The flight was hijacked by a non secured flightplan upload to the flight management system. It was then flown to Diego Garcia, where the passengers were disembarked by force, the selectees from the passenger list are in one of the US navy brig ships anchored since 9/11 at Diego Garcia, "chatting" with CIA interrogators. Disposition of the other detainees passengers NOT known at the present. The statement released by the malaysian gov is false. They know where the detainees are. The adsb xmissions aboard the 777 are handled by an older subsystem and are NOT so easily silenced from the cockpit. By the same token the flight management system flight plan upload capability aboard boeing planes has been shown to be insecure and vunerable by security researchers since the B737. The worst part of all is that the "simulators" for the FMS are a windows based program that is linked with the libraries either representing the windows environment of the simulator OR thet are linked with the "production" libraries to produce the FMS firmware for use on the aircraft itself. Thing about programming in a windows environment?

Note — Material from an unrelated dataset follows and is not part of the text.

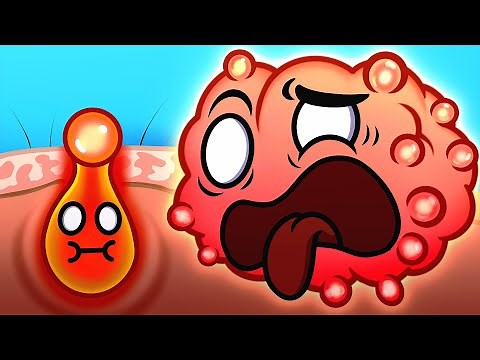 How to get rid of Acne!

ALL the fucking calls are unique to the Microsoft windows environment and NOT portable at all to other runtime environments, UNLESS that runtime is windows based.. say like windows mobile(big flop) or a proposed hypothetical environment I am going to call Windows PLANE. Windows PLANE would have inherited the same crappy programming environment that caused the US Navy to do an abrupt 180 turnaround prom putting its firecontrol and navigation systems under control of windows after a near disaster in the mid alantic caused by windows domain failuresa Windows PLANE would have all the same flaws as the crappy laptop you like to lug around Fucking Boeing, all of those windows development asshats that did this need killin' for putting their personal profit ahead of the lives of millions who fly.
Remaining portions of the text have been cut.